Wait and SeeBy Ericka Chickowski | Posted 2008-06-26 Email Print
Although Google has made some key security acquisitions and added talented security pros to its team, many IT and security managers still won’t trust their enterprise applications to the company’s cloud offerings.
Wait and See
Despite Google’s assurances, the transparency issue remains a big sticking point with security professionals. Many, such as Arce of Core Security, believe that being open about security practices is not only reassuring, but also adds a greater level of peer review and security robustness that can’t be developed in a secretive environment—even among the talented pool of workers Google employs.

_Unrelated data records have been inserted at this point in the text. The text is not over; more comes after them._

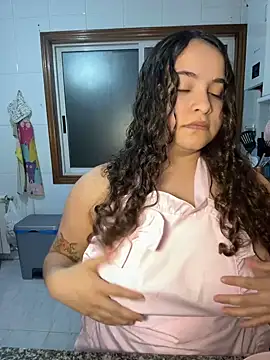 Snapshot of Sweet_sully__ chatting on 12.15.24 Sweet sully online show from 12.15.24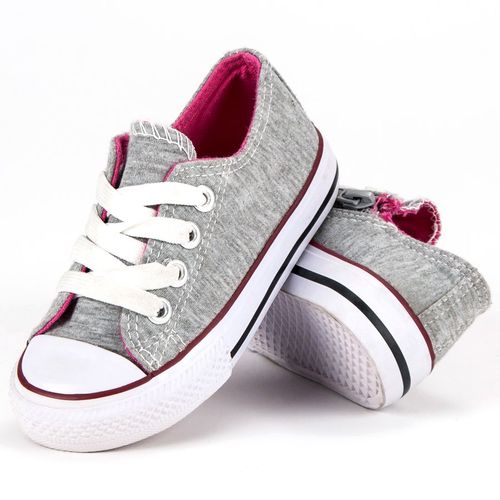 Niskie trampki r.25 na Arena.pl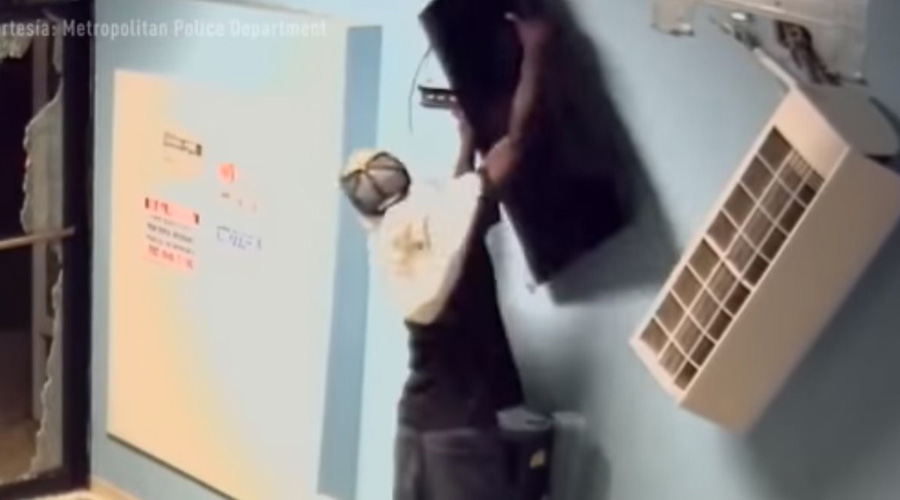 Video: Ladrones sin habilidad; intentan robar TV y se van sin nada | El Imparcial de Oaxaca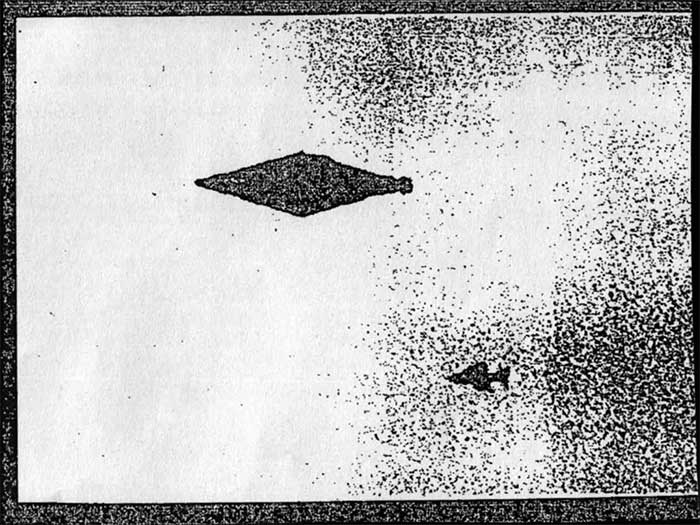 Picture 2 of The clearest photo of a UFO released in 32 years
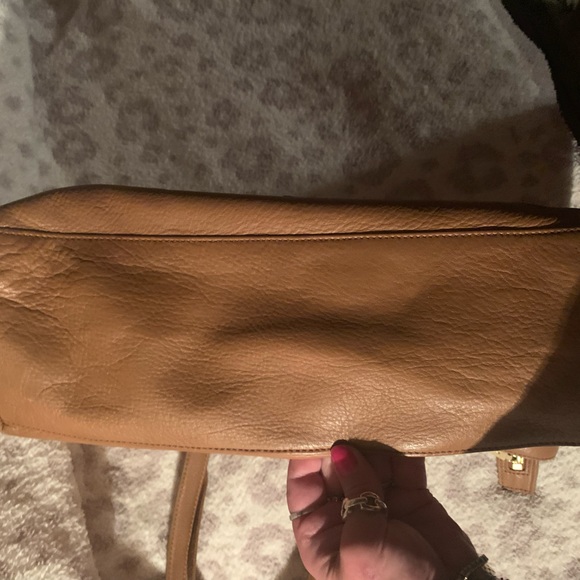 Tory Burch Meyer Tote - Picture 11 of 16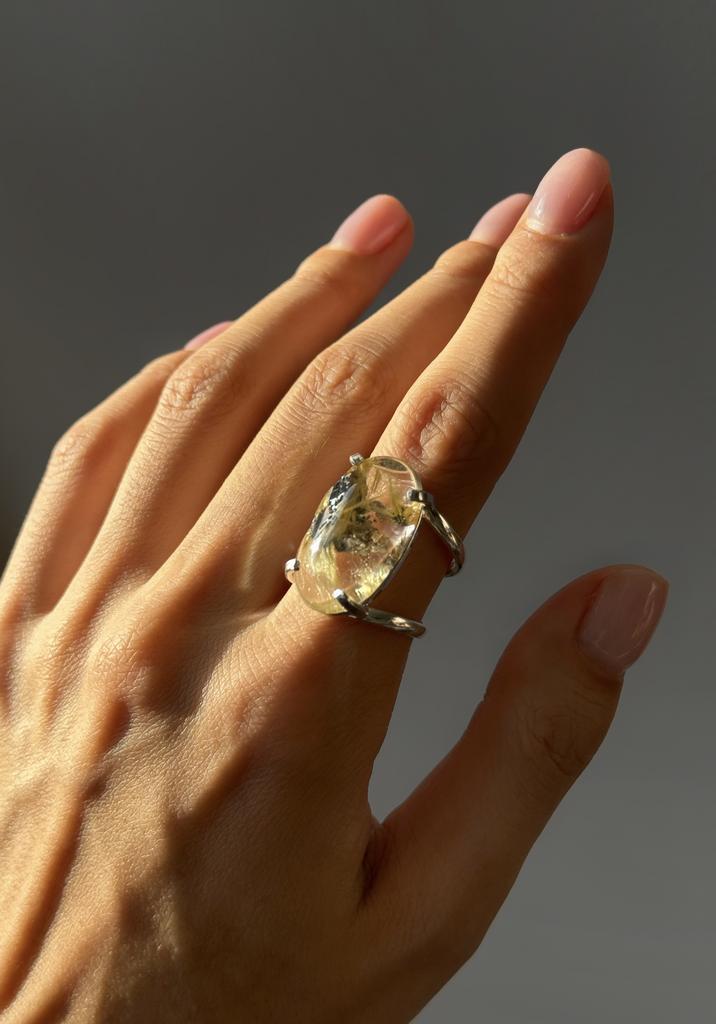 Кольцо с рутиловым кварцем и фантомными включениями ( 17 - 21 размер )
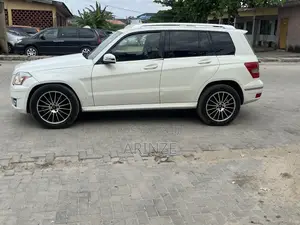 Mercedes-Benz GLK-Class 350 4MATIC 2011 White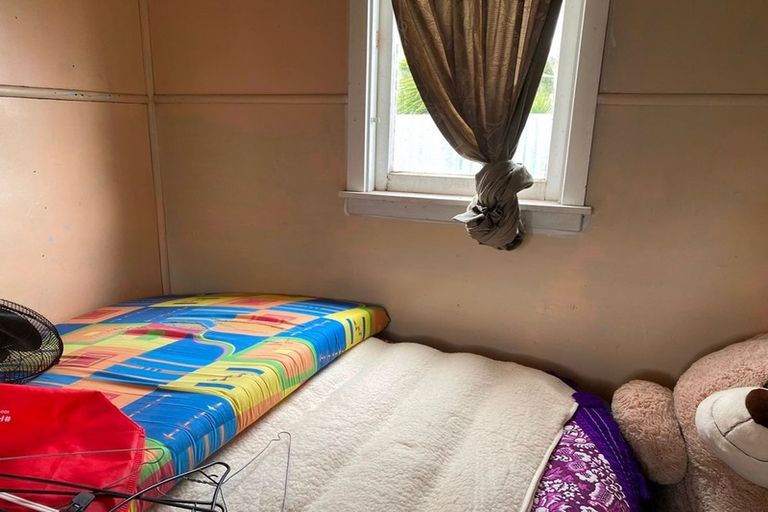 Photo of property in 24 Rangatira Drive, Mangakino, 3421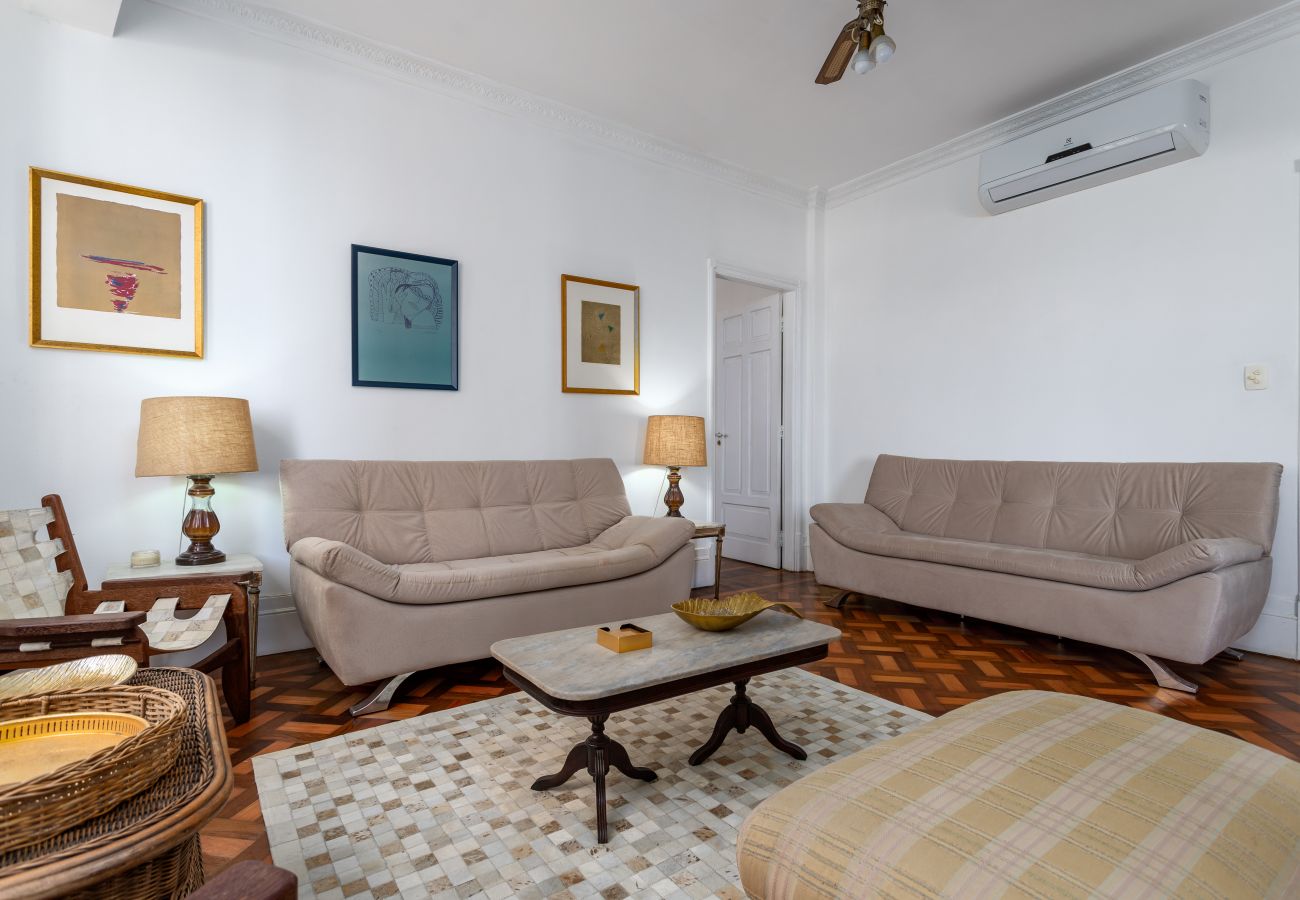Apartment in Rio de Janeiro - Vista para o mar, 50 metros da praia | BI701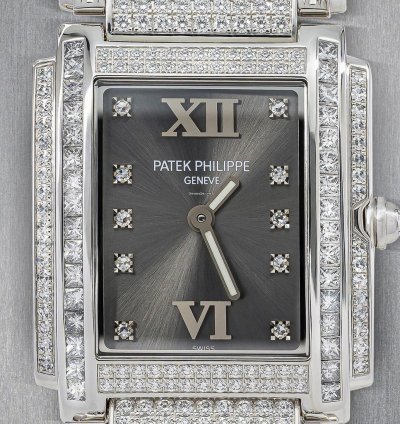 Patek Philippe Twenty 4 4910 501g-010
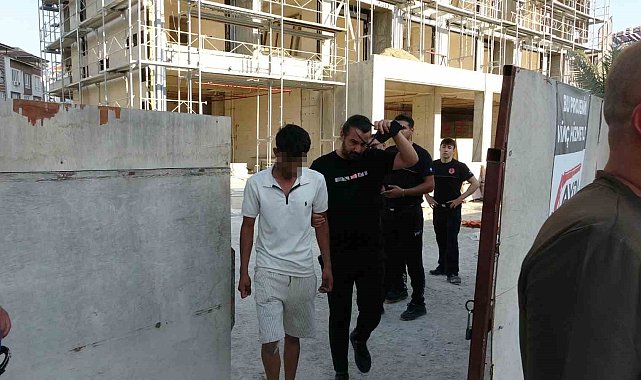 Çatıya çıkan işçi para hesabına yatınca aşağıya indi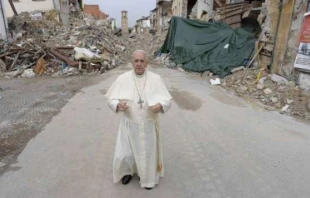 Papst Franziskus beim Besuch des Erdbeben-Gebiets in Italien am 17. Juli 2016. / CNA / L'Osservatore Romano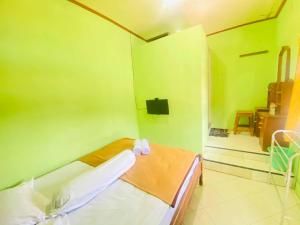 Hotel Gerung 1 near Alun Alun Nganjuk Mitra RedDoorz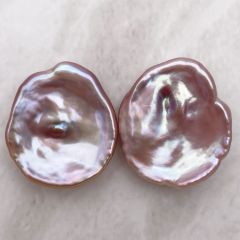 大粒花びらケシパールのピアス/イヤリング 22mm パープル系 紫 ペア バロック 真珠 結婚 ウェディング ピンク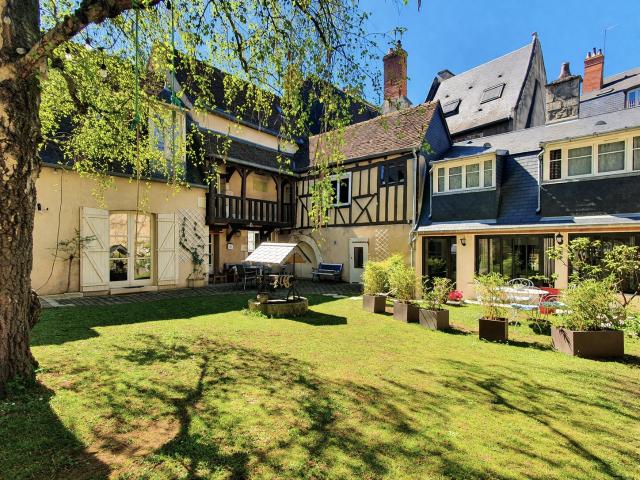 Maison 9 pièces 225 m²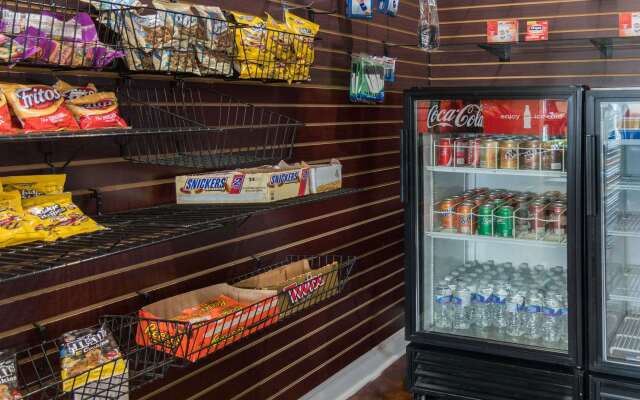 Super 8 by Wyndham Beaumont I-10 South/College St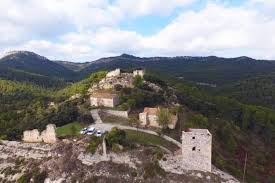 Fontanero Santa Maria de Miralles calle céntrica con casas tradicionales y paisaje montañoso de fondo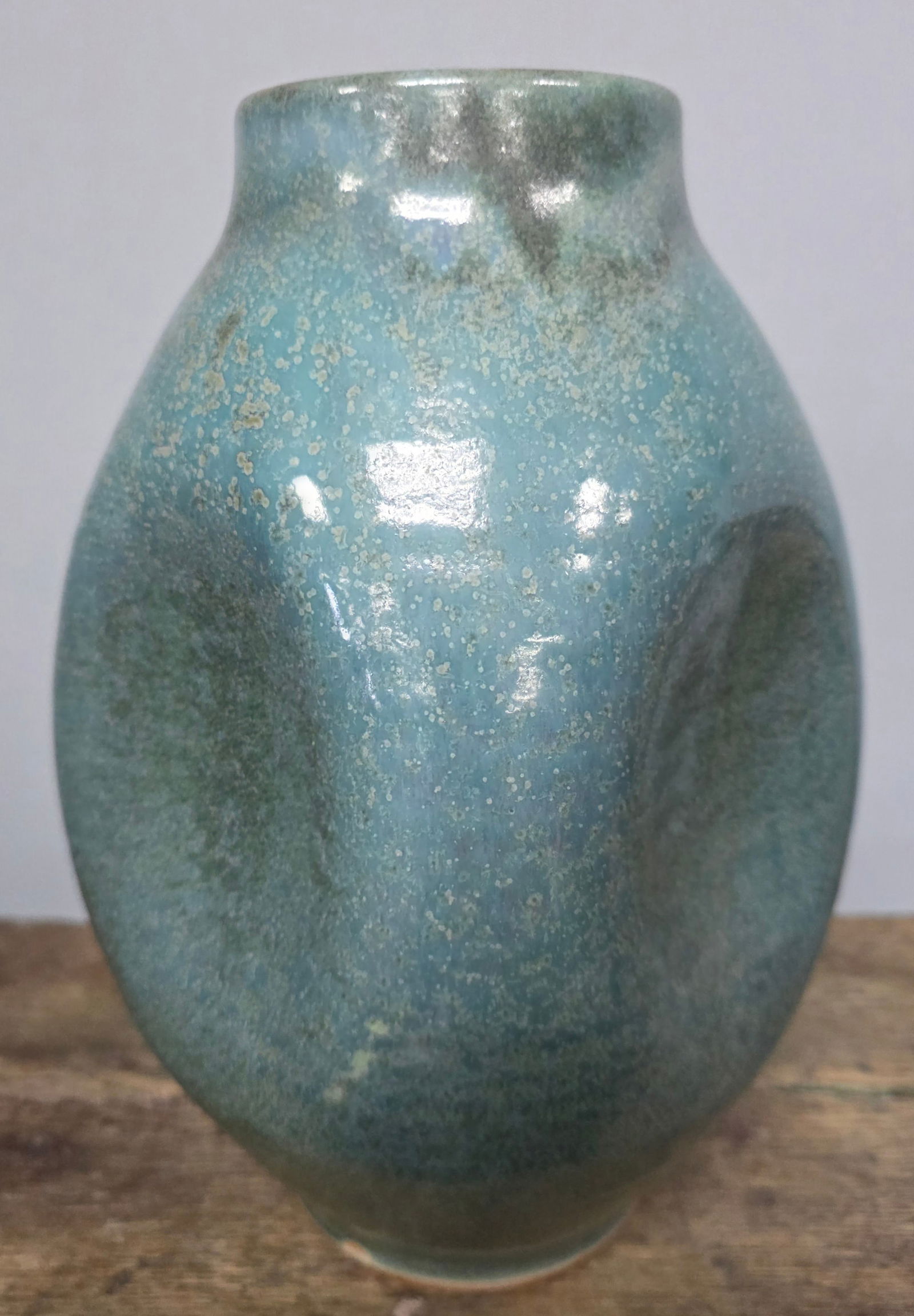 2004 Ben Owen III Seagrove, NC Pinch Vase (1 of 5)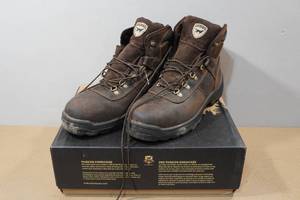 lot 18 image: Irish Setter Mens Ely Work Boots Style 83608 - Size 10.5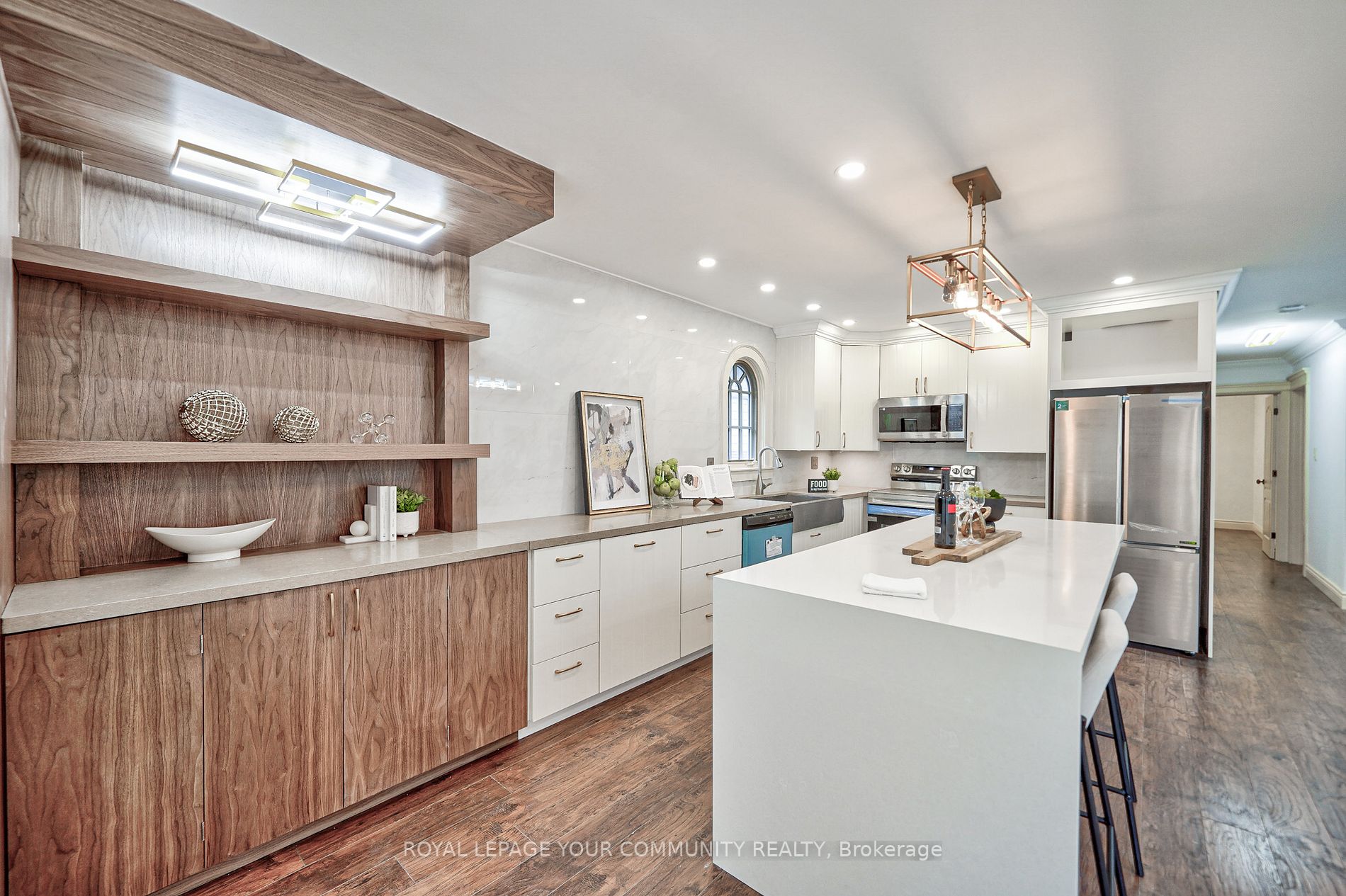 60 Hillview Drive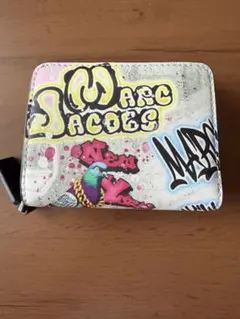 MARC JACOBS グラフィティ 二つ折り財布のサムネイル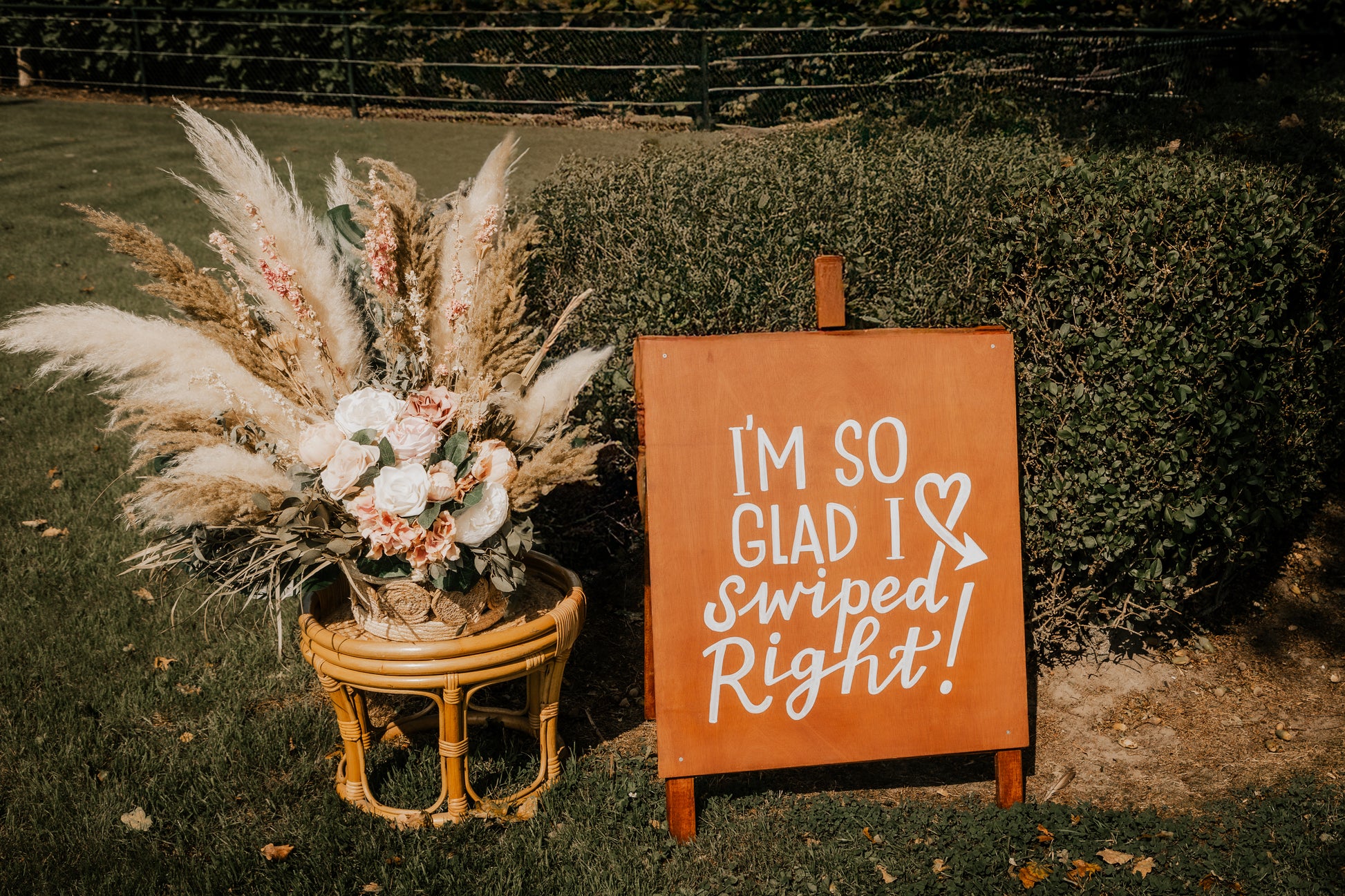 bruidsbloemen huren| bloemenboog huren bruiloft| ceremonie backdrop huren| bloemenstyling bruiloft|magical flower| bruidsbloemen bloemist eindhoven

“Transparency is what helps you improve,” Arce says. “It allows other people to help identify problems so you can fix them. We favor transparency as a practice as much as possible, and we think it should be embraced by Google.”
Balding of CloudSecurity.org agrees, noting that Google needs to open a dialogue with the security community. “There is not enough security dialogue going on, and as a security guy, I find that scary,” he says. “Where is the accountability? I’m sure they’ll solve this problem because they have a lot of smart people at Google, but I don’t think big business will move on this until they are certain the risks are being addressed.”
Core Security’s Arce believes it’s too early to pass judgment on Google’s security practices and its transparency issues. He is hopeful, though, that Google will come around to the security industry’s perspective. “Google has a unique opportunity to change the security mindset of the big security vendors, and I think they can push that change,” he says. “It would be great if they actually did it.”